TÜRK VATANDAŞLIĞI PARA İLE SATILAMAZ!

13 Nisan 2022 tarihli gazetelerde, Cumhurbaşkanlığı Kabinesi’nin “İstisnai Türk Vatandaşlığı” için satın alınması gereken gayrimenkulün değerini 250 bin dolardan 400 bin dolara yükseltme kararı aldığına dair haberler yayımlandı.  Kararın önümüzdeki günlerde Cumhurbaşkanlığı imzasıyla Resmi Gazete’de yayımlanarak yürürlüğe gireceğinden söz edilmektedir.

 

VATANDAŞLIĞI SATILIĞA ÇIKARAN MEVZUAT

Ne yazık ki, 12 Haziran 2009 tarihinde Resmi Gazetede yayımlanan 5901 Sayılı Türk Vatandaşlığı Kanunu ile Türk vatandaşlığı, para ile satılır hale getirilmiştir. Yasanın, “Türk Vatandaşlığının Kazanılmasında İstisnai Haller” başlıklı 12. Maddesi ile “Türkiye’ye sanayi tesisleri getiren veya bilimsel, teknolojik, ekonomik, sosyal, sportif, kültürel, sanatsal alanlarda olağanüstü hizmeti geçen ya da geçeceği düşünülen ve ilgili bakanlıklarca haklarında gerekçeli teklifte bulunulan kişiler…” için vatandaşlık yolu açılmıştır.

Yasa yoluyla açılan kapı, 6 Ocak 2022 tarihli Resmi Gazete’de yayımlanan “Türk Vatandaşlığı Kanununun Uygulanmasına İlişkin Yönetmelik” ile de delik deşik edilmiş, vatandaşlık adeta paraya tahvil edilir hale getirilmiştir.

Yönetmeliğin “Türk Vatandaşlığının Genel Olarak Kazanılması” başlıklı 15. Maddesinin c fıkrası, kimlere vatandaşlık izni verileceğini sıralamaktadır; “Türkiye’de yerleşmeye karar verdiğini; Türkiye’de taşınmaz mal edinmek, iş kurmak, yatırım yapmak, ticaret ve iş merkezini Türkiye’ye nakletmek, çalışma iznine tabi olarak bir iş yerinde çalışmak ve benzeri davranışlarla teyit etmiş olmak…”

“Türk Vatandaşlığının İstisnai Olarak Kazanılması, Başvuru İçin Gerekli Belgeler Ve Yapılacak İşlemler” başlığını taşıyan 20. Maddesinin fıkraları ise, vatandaşlık vermenin parasal ölçülerini sıralamaktadır;  

a)  En az 500.000 Amerikan Doları veya karşılığı döviz tutarında sabit sermaye yatırımı gerçekleştirdiği Sanayi ve Teknoloji Bakanlığınca tespit edilen.

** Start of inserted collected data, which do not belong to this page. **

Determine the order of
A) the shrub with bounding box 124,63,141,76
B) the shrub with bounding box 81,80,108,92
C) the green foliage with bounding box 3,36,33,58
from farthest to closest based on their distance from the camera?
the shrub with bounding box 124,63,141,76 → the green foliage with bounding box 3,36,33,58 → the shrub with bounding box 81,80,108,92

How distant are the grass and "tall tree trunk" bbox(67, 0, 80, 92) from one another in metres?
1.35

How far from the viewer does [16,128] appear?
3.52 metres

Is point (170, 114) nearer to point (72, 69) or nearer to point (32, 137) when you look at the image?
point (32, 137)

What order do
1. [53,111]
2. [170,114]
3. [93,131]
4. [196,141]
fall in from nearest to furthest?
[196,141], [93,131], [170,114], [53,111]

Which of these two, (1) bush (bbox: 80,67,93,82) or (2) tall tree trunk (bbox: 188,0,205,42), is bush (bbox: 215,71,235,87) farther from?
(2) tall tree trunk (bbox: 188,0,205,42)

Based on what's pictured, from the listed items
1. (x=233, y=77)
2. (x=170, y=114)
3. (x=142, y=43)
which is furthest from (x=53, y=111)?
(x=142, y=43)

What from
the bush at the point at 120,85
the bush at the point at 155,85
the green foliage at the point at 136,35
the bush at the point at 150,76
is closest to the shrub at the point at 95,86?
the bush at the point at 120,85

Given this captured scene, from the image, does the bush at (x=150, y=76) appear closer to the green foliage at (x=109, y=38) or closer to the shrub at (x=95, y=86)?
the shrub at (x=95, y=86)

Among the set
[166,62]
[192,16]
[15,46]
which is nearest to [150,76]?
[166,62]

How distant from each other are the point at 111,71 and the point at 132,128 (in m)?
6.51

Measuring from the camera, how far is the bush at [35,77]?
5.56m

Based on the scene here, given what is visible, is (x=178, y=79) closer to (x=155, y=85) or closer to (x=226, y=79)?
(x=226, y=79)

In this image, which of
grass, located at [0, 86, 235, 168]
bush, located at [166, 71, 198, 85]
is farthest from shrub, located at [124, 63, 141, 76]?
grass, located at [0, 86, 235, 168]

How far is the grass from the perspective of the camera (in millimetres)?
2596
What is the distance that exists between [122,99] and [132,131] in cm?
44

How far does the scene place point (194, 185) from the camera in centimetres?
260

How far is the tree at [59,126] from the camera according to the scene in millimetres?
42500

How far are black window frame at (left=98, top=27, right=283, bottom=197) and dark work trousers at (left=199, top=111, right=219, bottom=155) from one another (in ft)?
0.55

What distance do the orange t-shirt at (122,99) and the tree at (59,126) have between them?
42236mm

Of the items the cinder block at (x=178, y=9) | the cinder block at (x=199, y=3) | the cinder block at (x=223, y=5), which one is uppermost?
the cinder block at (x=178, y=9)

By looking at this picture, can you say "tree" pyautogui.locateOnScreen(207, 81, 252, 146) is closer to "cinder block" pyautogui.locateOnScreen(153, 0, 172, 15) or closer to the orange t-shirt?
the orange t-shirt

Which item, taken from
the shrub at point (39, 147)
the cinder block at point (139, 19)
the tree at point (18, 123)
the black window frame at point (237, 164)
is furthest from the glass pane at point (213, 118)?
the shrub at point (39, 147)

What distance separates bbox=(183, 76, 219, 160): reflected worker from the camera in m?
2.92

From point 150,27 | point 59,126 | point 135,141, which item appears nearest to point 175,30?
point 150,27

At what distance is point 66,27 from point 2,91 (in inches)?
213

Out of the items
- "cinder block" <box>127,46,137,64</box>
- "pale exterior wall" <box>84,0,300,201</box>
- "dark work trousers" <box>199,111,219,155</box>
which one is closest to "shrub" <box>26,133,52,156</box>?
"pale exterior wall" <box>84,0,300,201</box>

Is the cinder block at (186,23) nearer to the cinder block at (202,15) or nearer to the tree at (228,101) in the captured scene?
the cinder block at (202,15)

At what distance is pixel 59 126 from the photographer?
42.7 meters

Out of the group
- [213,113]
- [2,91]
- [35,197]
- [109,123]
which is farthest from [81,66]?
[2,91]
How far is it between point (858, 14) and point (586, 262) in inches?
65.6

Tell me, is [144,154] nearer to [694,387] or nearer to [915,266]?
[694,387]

b)  En az 250.000 Amerikan Doları veya karşılığı döviz tutarındaki taşınmazı tapu kayıtlarına üç yıl satılmaması şerhi koyulmak şartıyla satın aldığı veya kat mülkiyeti ya da kat irtifakı kurulmuş, en az 250.000 Amerikan Doları veya karşılığı döviz tutarı peşin olarak yatırılan ve tapu siciline üç yıl süreyle devir ve terkini yapılmayacağı taahhüdü şerh edilmek şartıyla noterde düzenlenmiş sözleşme ile taşınmazın satışının vaat edildiği Çevre, Şehircilik ve İklim Değişikliği Bakanlığınca tespit edilen.

c)  En az 50 kişilik istihdam oluşturduğu Çalışma ve Sosyal Güvenlik Bakanlığınca tespit edilen.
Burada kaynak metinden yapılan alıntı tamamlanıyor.